### WORK TO BE COMPLETED
Find the line below with "Image d\'illustration pour" and the line with "Used Vauxhall Meriva". Output exactly those lines and everything between them, leaving out the pictures.

THE RECORDS section start

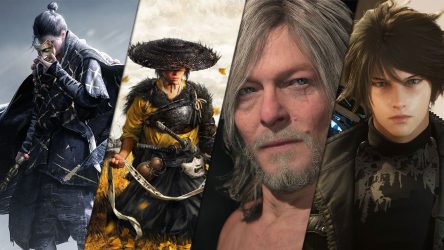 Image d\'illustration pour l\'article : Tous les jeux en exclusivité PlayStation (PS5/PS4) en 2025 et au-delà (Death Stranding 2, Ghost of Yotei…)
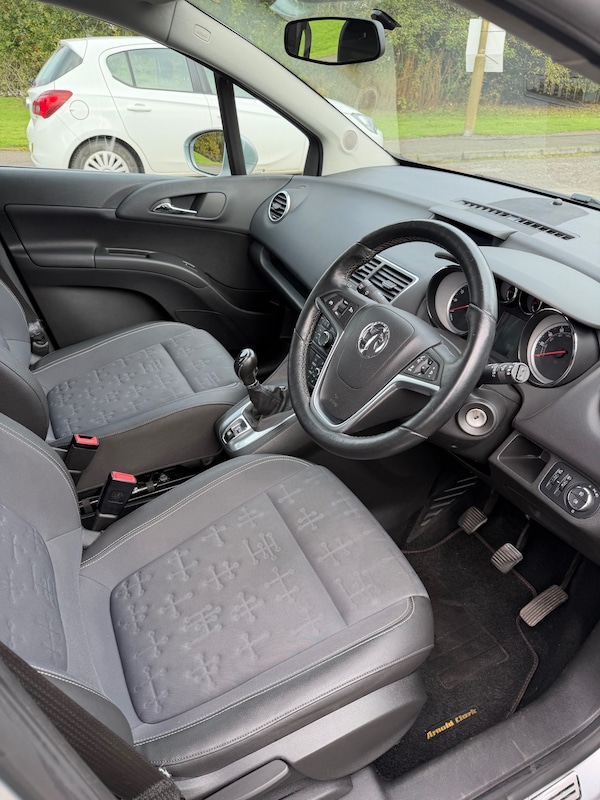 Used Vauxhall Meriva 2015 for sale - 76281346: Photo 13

THE RECORDS section end
THE RECORDS section start

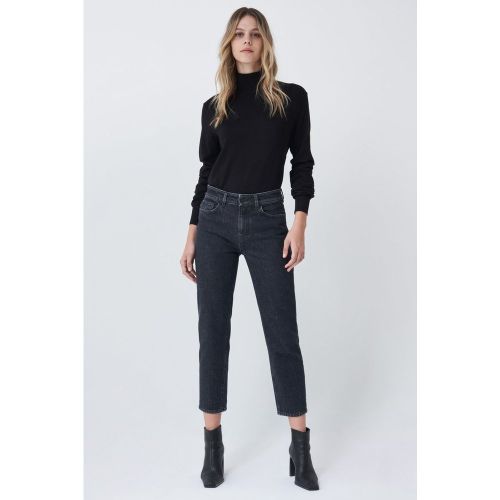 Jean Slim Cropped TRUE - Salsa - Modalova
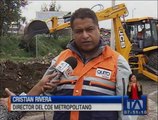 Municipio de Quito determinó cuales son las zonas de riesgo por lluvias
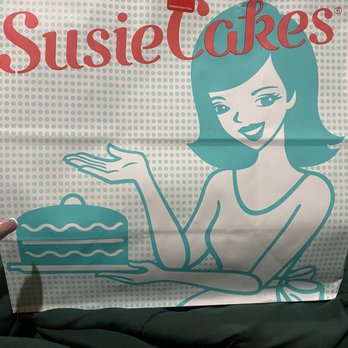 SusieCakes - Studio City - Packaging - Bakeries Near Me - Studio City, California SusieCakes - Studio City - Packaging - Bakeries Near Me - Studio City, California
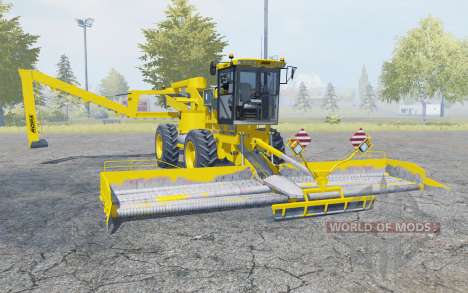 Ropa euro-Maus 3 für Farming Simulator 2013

THE RECORDS section end

### ANSWER TO THE PROBLEM
 Image d\'illustration pour l\'article : Tous les jeux en exclusivité PlayStation (PS5/PS4) en 2025 et au-delà (Death Stranding 2, Ghost of Yotei…)
 Used Vauxhall Meriva 2015 for sale - 76281346: Photo 13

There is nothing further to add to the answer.